Exercise brief — Down to the last line of the listing, starting at the one with "以下が含まれることがあります： ピンクのデザインが施された黒いTシャツで、「Cupid's favorite", retype each line exactly. Do not copy the pictures.

Information shown —

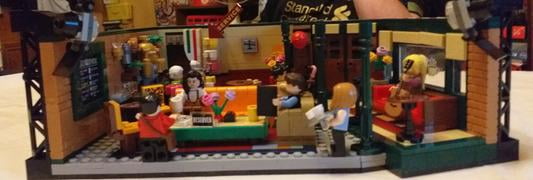 walmart central perk lego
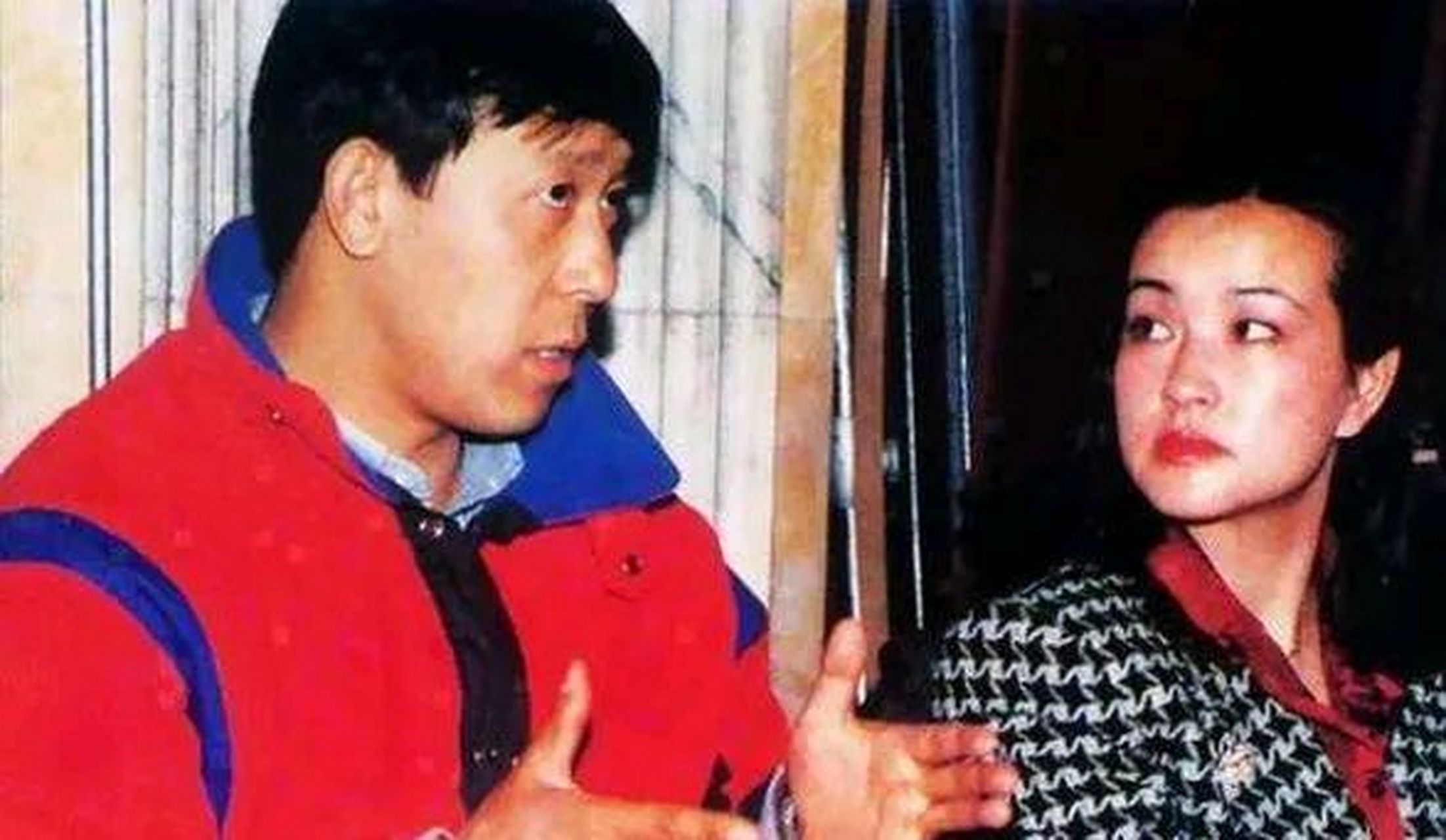 1987年,刘晓庆和姜文的事情传到了陈国军的耳朵里,他拿着皮带将姜文和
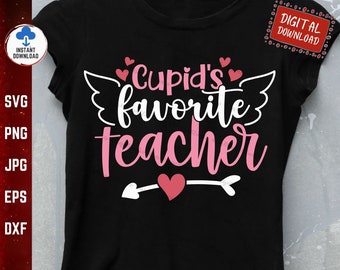 以下が含まれることがあります： ピンクのデザインが施された黒いTシャツで、「Cupid's favorite teacher」という文字と、白い矢印とピンクのハートが描かれています。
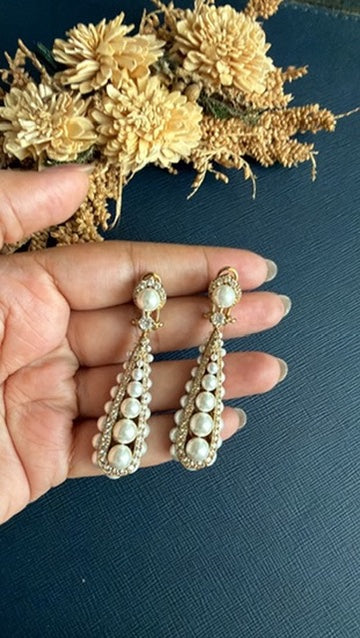 Jannat Pearl Earring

Finished task —
 以下が含まれることがあります： ピンクのデザインが施された黒いTシャツで、「Cupid's favorite teacher」という文字と、白い矢印とピンクのハートが描かれています。
 Jannat Pearl Earring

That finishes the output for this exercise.